Problem to work on.
Please make sure what you return matches the listing below exactly, minus its pictures.

Exercise input.
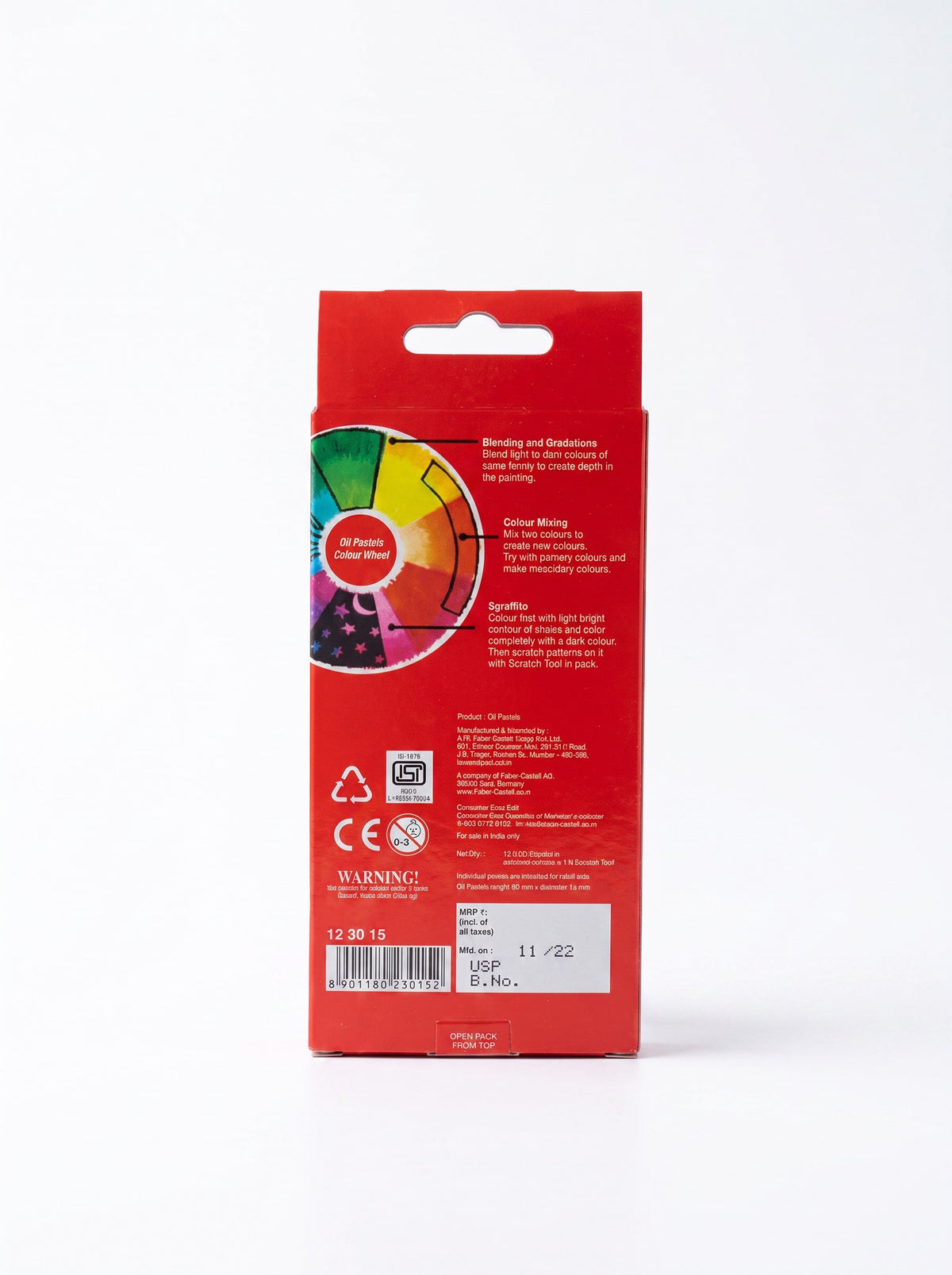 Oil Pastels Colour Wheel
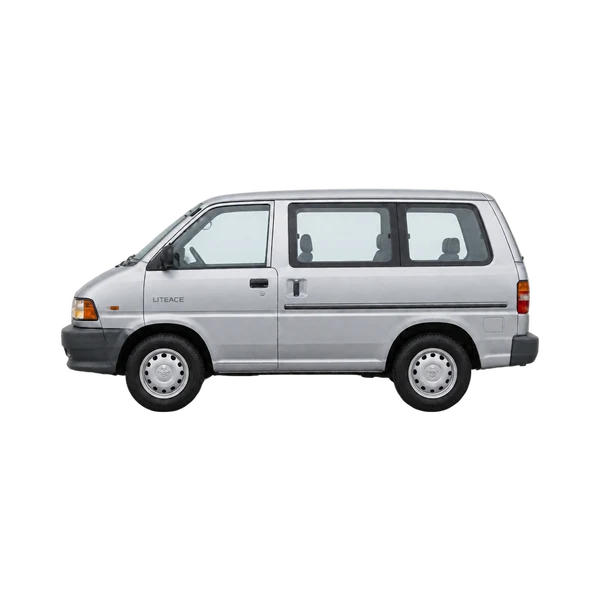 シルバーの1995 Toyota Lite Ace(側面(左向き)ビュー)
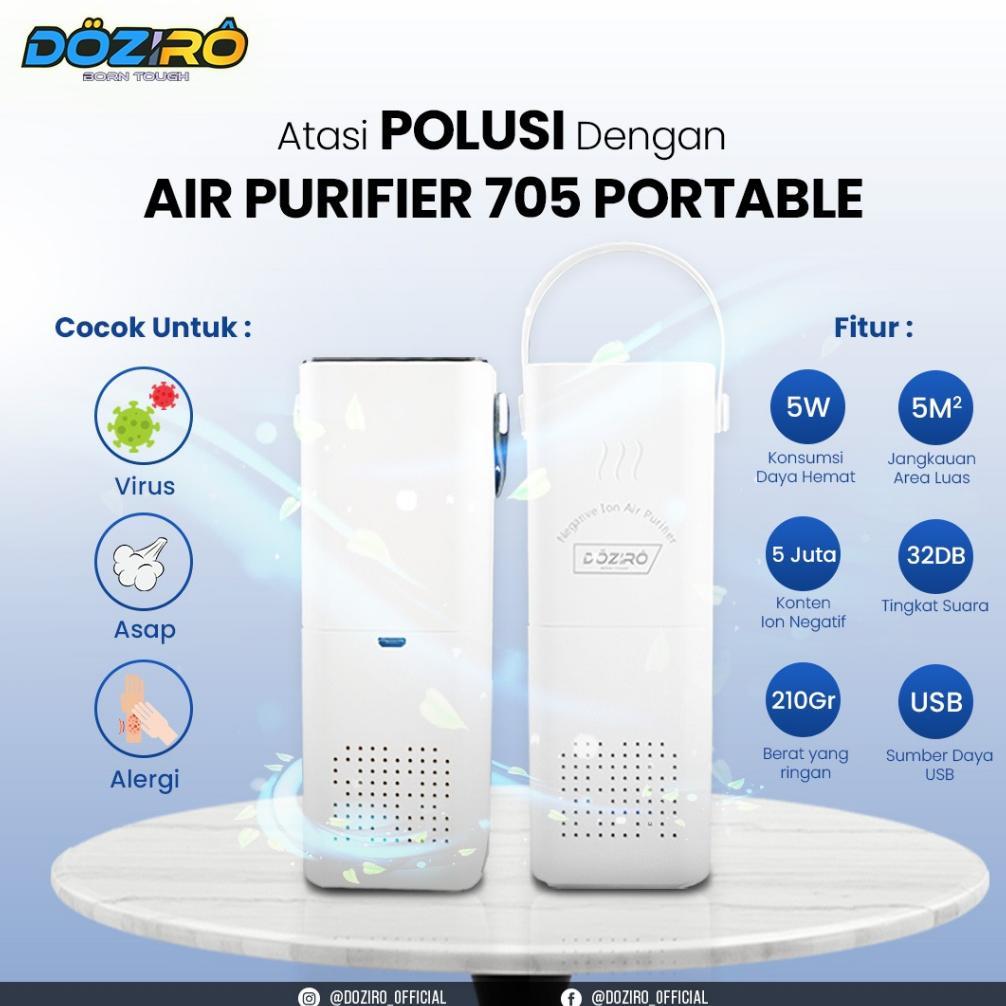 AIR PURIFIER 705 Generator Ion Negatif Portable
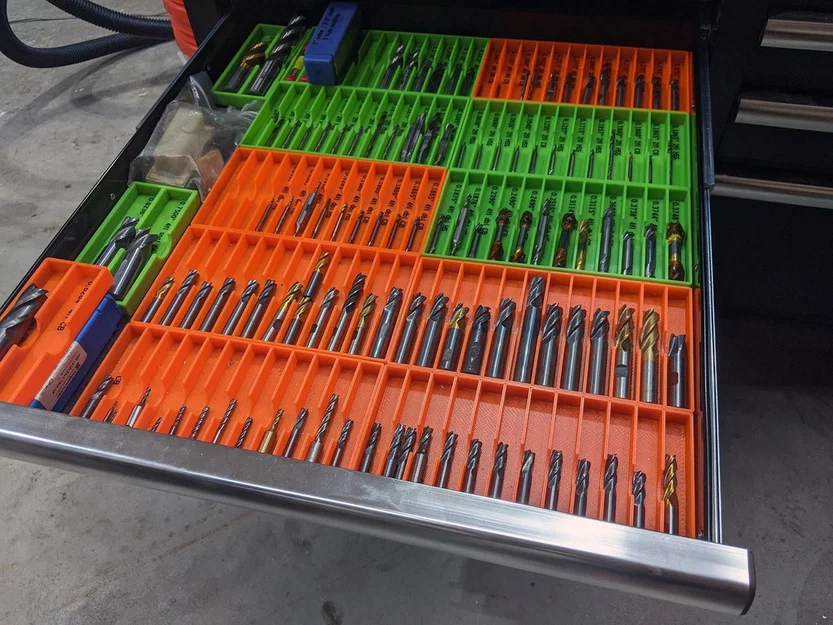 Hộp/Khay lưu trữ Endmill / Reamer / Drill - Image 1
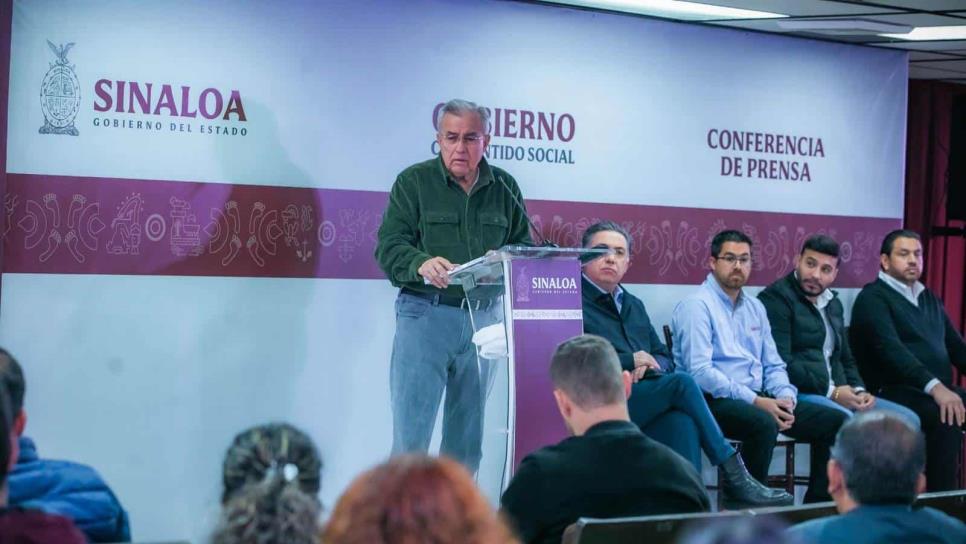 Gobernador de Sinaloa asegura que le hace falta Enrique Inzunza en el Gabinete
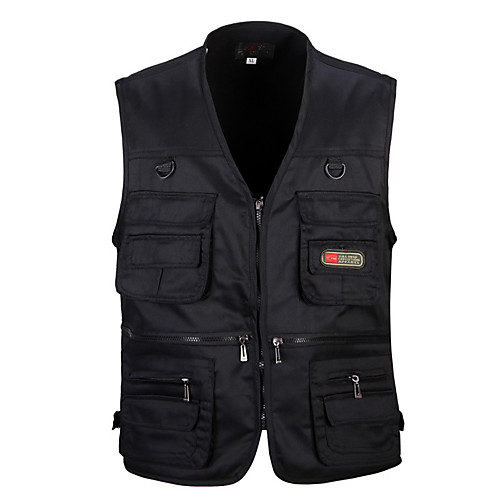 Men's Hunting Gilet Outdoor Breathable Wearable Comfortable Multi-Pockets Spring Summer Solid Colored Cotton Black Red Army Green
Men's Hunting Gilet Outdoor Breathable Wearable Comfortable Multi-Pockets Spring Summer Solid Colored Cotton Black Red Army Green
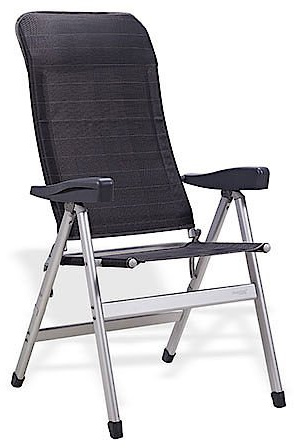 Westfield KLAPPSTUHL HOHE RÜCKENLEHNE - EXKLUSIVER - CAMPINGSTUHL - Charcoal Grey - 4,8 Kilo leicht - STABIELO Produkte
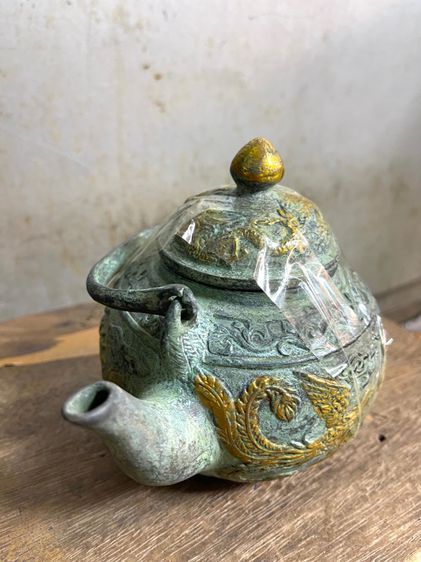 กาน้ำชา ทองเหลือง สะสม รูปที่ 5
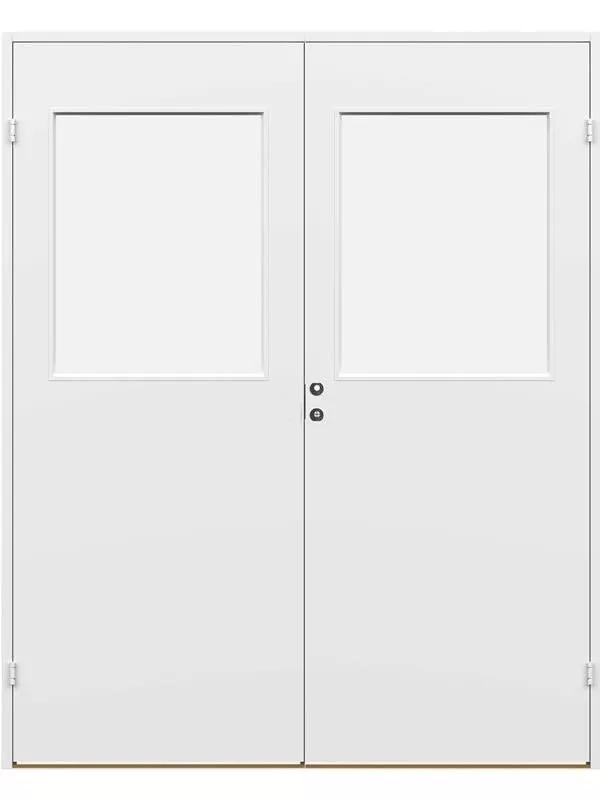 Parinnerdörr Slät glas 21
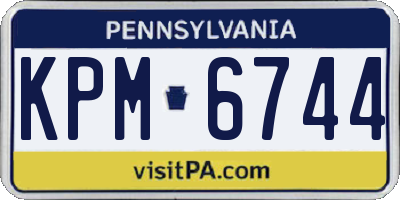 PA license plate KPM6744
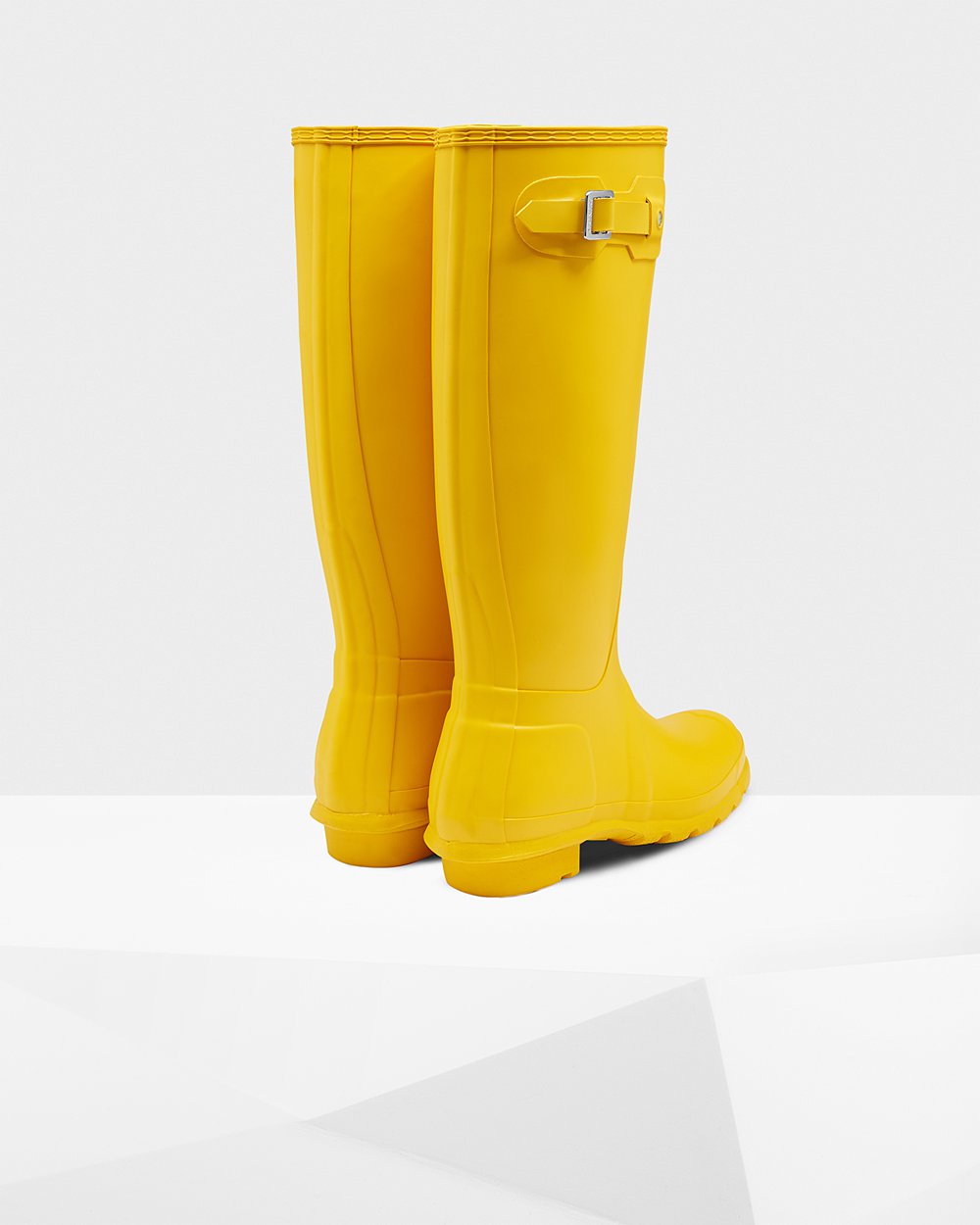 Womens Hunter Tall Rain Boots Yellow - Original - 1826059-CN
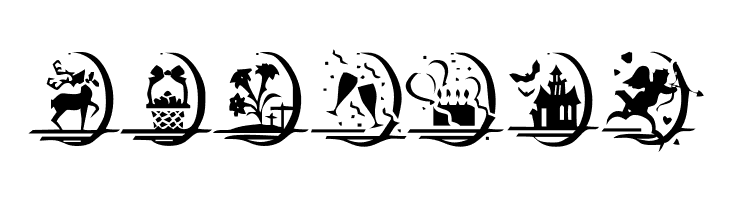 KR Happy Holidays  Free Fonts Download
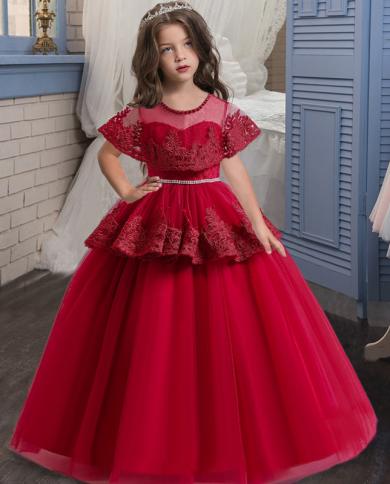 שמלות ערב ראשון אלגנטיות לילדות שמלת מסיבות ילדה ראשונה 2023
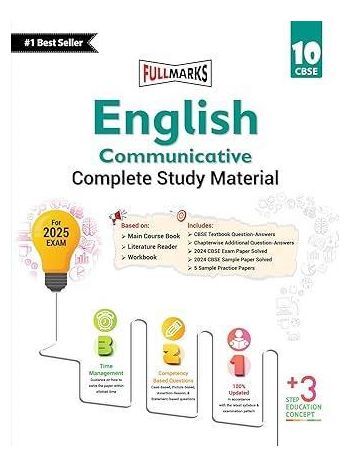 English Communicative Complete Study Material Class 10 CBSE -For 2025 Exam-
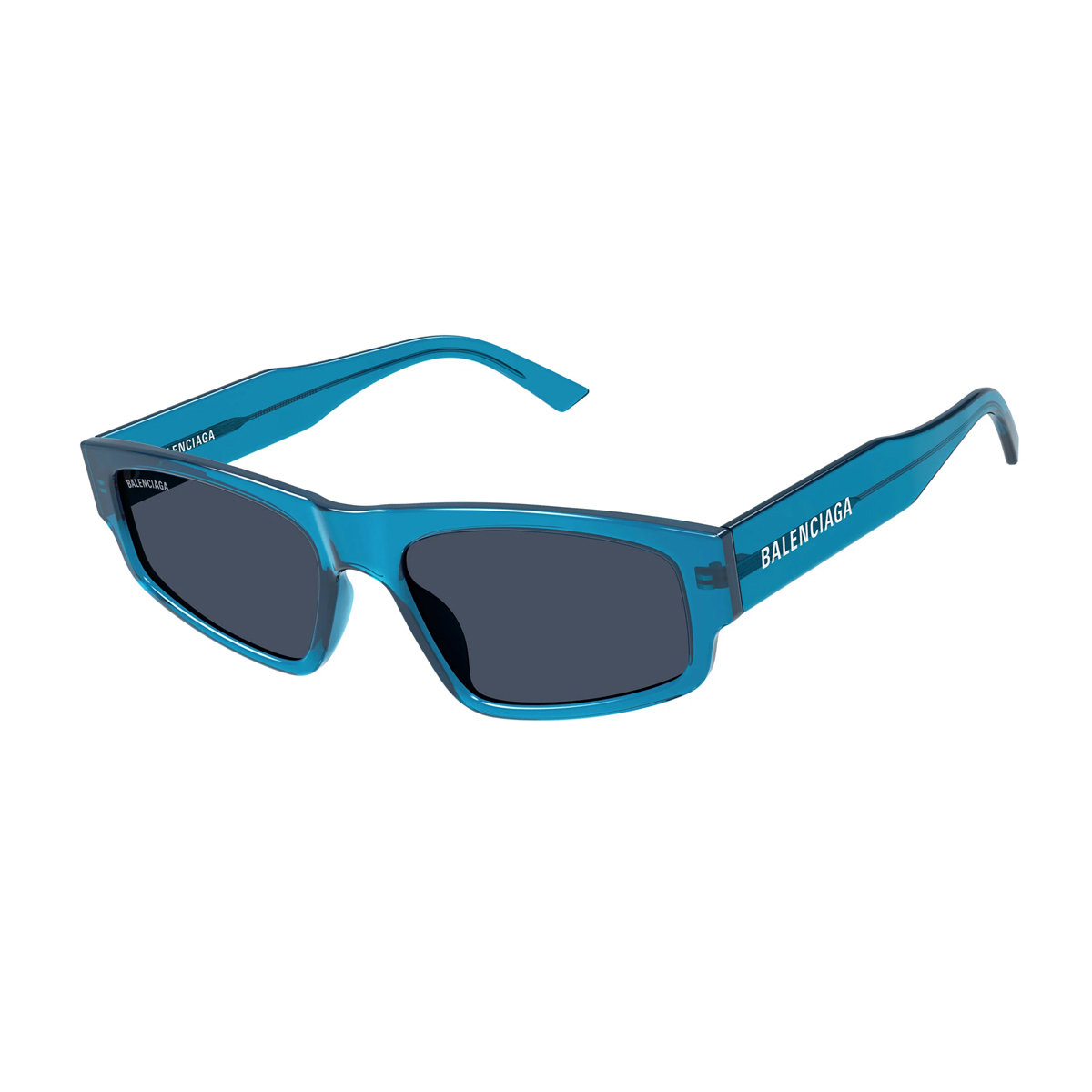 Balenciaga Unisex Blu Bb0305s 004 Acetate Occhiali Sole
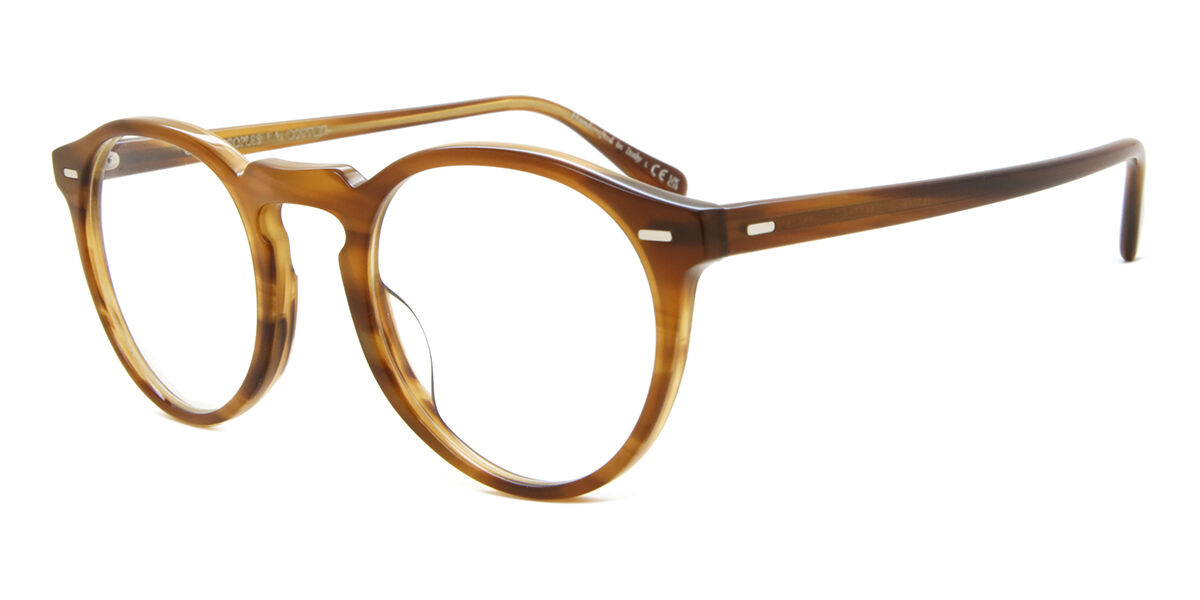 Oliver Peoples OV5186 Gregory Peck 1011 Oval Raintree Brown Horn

Result for this task.
 Oil Pastels Colour Wheel
 シルバーの1995 Toyota Lite Ace(側面(左向き)ビュー)
 AIR PURIFIER 705 Generator Ion Negatif Portable
 Hộp/Khay lưu trữ Endmill / Reamer / Drill - Image 1
 Gobernador de Sinaloa asegura que le hace falta Enrique Inzunza en el Gabinete
 Men's Hunting Gilet Outdoor Breathable Wearable Comfortable Multi-Pockets Spring Summer Solid Colored Cotton Black Red Army Green
Men's Hunting Gilet Outdoor Breathable Wearable Comfortable Multi-Pockets Spring Summer Solid Colored Cotton Black Red Army Green
 Westfield KLAPPSTUHL HOHE RÜCKENLEHNE - EXKLUSIVER - CAMPINGSTUHL - Charcoal Grey - 4,8 Kilo leicht - STABIELO Produkte
 กาน้ำชา ทองเหลือง สะสม รูปที่ 5
 Parinnerdörr Slät glas 21
 PA license plate KPM6744
 Womens Hunter Tall Rain Boots Yellow - Original - 1826059-CN
 KR Happy Holidays  Free Fonts Download
 שמלות ערב ראשון אלגנטיות לילדות שמלת מסיבות ילדה ראשונה 2023
 English Communicative Complete Study Material Class 10 CBSE -For 2025 Exam-
 Balenciaga Unisex Blu Bb0305s 004 Acetate Occhiali Sole
 Oliver Peoples OV5186 Gregory Peck 1011 Oval Raintree Brown Horn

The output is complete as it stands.